Former Facebook employee and whistleblower Frances Haugen testifies on Capitol Hill in Washington, D.C., October 5, 2021. (Jabin Botsford/Pool via Reuters)

A few weeks ago I wrote about the campaign against Facebook launched by Frances Haugen. I thought it was a liberal psychological operation aimed at getting Facebook to censor more conservatives and hire more American intel operatives.

This has been building, successively, ever the twin shocks of Brexit and Donald Trump. “Make no mistake, 2016 will never happen again,” wrote historian Niall Ferguson at the time.

And it didn’t! Social-media networks promoted false stories that made Donald Trump look bad relentlessly. And they outright censored true stories that made Joe Biden look bad. Zuckerberg gave millions to the cause of Democratic victories.

Now, of course, the phrase “liberal psyop” is the sort of thing that would cause me to walk away from anyone who uttered it. But what else could you call that dramatic rollout on 60 Minutes, in the Wall Street Journal, and immediately into Congress?
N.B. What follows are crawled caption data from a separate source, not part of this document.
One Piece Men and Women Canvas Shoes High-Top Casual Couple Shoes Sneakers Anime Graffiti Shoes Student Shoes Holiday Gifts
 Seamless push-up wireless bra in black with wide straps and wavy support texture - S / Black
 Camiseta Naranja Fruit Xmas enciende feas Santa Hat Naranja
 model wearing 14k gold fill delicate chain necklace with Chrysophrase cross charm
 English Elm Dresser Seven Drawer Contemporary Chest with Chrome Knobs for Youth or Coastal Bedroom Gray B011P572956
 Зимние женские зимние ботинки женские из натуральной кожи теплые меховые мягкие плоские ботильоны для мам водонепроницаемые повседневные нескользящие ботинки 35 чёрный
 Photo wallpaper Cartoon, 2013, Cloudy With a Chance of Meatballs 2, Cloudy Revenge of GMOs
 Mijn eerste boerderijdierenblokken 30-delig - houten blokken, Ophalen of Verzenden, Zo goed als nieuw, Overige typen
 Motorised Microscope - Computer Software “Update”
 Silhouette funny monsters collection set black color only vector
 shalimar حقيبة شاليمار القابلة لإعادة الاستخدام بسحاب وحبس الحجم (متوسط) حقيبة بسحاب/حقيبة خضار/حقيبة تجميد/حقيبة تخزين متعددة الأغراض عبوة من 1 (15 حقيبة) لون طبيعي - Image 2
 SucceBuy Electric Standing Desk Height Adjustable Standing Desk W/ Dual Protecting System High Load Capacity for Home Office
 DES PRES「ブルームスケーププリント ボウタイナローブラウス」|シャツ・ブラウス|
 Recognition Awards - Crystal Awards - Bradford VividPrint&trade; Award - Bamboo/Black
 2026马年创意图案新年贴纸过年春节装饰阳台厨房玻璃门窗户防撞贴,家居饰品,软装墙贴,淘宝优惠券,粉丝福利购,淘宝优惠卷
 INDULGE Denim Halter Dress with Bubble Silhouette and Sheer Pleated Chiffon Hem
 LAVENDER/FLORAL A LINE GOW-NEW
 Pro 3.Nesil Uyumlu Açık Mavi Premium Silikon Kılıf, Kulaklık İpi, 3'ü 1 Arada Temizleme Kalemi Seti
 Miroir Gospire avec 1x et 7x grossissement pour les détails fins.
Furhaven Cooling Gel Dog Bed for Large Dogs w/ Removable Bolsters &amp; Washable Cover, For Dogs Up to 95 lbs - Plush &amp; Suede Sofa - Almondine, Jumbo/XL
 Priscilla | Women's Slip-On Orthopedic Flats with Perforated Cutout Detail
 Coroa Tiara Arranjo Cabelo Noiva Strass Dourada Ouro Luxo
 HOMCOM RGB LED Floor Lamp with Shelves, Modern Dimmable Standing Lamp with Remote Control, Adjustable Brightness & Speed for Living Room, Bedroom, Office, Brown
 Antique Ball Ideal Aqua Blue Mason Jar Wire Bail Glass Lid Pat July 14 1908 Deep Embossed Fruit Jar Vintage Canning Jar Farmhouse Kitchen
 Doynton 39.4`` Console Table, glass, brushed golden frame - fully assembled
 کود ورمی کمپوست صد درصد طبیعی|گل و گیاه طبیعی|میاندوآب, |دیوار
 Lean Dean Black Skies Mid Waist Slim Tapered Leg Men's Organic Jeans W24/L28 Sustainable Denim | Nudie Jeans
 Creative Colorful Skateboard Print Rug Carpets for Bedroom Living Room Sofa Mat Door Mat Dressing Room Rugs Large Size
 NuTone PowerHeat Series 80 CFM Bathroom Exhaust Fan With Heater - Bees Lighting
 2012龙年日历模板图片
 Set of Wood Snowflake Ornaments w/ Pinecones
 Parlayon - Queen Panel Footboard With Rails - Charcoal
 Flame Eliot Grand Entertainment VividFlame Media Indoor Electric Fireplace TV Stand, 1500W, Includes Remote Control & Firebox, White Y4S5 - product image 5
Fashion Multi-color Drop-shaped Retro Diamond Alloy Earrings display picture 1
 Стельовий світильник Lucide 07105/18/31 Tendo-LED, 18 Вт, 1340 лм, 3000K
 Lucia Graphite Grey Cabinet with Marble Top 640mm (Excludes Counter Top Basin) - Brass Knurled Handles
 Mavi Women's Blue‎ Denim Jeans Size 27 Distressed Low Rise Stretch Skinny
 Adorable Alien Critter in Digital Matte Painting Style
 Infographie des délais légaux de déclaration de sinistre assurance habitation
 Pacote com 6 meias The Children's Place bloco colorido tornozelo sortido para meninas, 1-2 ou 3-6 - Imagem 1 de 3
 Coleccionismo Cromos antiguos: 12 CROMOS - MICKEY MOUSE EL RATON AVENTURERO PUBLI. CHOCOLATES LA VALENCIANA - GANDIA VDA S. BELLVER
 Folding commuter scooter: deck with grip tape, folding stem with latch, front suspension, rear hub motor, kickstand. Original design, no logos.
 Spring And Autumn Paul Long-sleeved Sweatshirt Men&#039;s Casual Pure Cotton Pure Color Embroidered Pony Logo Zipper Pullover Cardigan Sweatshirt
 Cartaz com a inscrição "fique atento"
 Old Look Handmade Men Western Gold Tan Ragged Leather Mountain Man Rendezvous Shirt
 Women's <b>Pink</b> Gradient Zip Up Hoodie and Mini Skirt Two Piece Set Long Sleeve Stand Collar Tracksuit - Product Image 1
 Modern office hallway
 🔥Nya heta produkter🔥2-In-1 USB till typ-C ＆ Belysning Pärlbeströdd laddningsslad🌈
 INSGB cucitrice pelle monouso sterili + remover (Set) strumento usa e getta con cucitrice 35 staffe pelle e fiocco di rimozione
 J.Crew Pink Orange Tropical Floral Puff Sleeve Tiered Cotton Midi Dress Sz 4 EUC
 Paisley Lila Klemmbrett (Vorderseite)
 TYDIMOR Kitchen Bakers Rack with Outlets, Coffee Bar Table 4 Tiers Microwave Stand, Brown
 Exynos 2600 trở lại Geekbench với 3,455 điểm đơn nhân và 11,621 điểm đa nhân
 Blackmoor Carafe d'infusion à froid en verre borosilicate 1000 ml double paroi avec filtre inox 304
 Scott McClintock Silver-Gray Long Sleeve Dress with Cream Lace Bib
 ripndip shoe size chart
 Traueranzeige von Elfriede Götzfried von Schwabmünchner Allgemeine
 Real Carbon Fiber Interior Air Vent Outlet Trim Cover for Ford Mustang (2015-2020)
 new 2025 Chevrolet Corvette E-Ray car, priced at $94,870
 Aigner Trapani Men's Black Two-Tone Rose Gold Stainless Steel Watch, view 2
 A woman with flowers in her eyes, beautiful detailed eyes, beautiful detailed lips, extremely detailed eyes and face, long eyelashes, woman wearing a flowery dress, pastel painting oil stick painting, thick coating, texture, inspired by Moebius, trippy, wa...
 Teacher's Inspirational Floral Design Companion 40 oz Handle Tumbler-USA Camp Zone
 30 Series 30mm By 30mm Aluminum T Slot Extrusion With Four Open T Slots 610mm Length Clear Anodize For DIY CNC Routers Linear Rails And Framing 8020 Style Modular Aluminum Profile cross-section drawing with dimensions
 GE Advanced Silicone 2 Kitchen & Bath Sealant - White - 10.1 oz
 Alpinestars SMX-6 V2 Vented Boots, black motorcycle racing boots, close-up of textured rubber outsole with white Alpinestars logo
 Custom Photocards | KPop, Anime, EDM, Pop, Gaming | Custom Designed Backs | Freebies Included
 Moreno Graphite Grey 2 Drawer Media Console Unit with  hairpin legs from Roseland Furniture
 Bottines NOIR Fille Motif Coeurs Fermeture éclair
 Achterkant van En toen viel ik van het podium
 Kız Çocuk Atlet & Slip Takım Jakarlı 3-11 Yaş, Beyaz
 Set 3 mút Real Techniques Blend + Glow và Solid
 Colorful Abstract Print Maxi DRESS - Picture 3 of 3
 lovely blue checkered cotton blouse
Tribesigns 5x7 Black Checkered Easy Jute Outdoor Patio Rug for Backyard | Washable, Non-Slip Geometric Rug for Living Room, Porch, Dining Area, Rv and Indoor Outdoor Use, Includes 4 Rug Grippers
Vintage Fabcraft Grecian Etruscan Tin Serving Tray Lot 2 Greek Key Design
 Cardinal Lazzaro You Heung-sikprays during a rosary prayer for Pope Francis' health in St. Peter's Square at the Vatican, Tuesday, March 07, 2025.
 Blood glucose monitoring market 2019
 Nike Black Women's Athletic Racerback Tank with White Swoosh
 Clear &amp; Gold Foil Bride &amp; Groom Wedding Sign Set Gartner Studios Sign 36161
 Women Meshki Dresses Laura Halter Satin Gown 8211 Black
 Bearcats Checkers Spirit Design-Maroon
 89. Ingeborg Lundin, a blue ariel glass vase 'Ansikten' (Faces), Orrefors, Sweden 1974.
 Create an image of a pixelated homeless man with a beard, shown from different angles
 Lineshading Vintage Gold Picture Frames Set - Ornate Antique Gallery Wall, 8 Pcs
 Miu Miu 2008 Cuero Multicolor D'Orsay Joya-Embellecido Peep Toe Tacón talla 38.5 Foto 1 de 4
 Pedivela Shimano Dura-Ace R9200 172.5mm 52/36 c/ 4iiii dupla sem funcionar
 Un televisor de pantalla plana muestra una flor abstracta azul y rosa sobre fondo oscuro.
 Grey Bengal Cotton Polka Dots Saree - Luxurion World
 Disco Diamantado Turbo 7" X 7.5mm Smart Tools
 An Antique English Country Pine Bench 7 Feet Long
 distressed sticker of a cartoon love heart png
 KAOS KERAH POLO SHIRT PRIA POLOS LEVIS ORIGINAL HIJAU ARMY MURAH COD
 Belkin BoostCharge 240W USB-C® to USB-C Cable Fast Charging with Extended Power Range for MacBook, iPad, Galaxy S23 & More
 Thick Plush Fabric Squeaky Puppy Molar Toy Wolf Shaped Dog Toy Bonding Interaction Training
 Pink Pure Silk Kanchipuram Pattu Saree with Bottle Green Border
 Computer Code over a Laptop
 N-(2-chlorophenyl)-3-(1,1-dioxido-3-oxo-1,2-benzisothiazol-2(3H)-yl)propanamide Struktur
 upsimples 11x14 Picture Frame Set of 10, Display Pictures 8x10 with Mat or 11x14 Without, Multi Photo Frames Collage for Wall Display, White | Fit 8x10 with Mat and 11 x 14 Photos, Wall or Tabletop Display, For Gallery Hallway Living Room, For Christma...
And that’s what it is. The Democrat-aligned Washington PR firm that is handling the “Facebook Whistleblower” is getting money for this campaign from liberal mega donor Pierre Omidyar. That’s the man who funds The Intercept, and a constellation of organizations associated with Never-Trump conservatives.

We’re currently on to phase No. 2, “The Facebook Papers,” which is leading Twitter’s trending topics as I write this. You can read through and all you’ll find is that many progressive Facebook employees and executives objected strongly to conservatives’ using Facebook during an election year, and argued for more censorship and intervention against them, only to be rebuffed by the CEO, Mark Zuckerberg. There’s no attempt to situate these in the broader problem of social-media radicalization, which played a role in the 2020 riots that swept the United States, or that plays a role in social contagions such as the transgender phenomenon.

There is also almost no attempt to understand or distinguish what people do and say that is merely made visible by Facebook, from what people do and say because of Facebook’s design and algorithms.

Anyway, it will be interesting to see whether people fall for this attempt to recreate an institutional liberal stranglehold over media.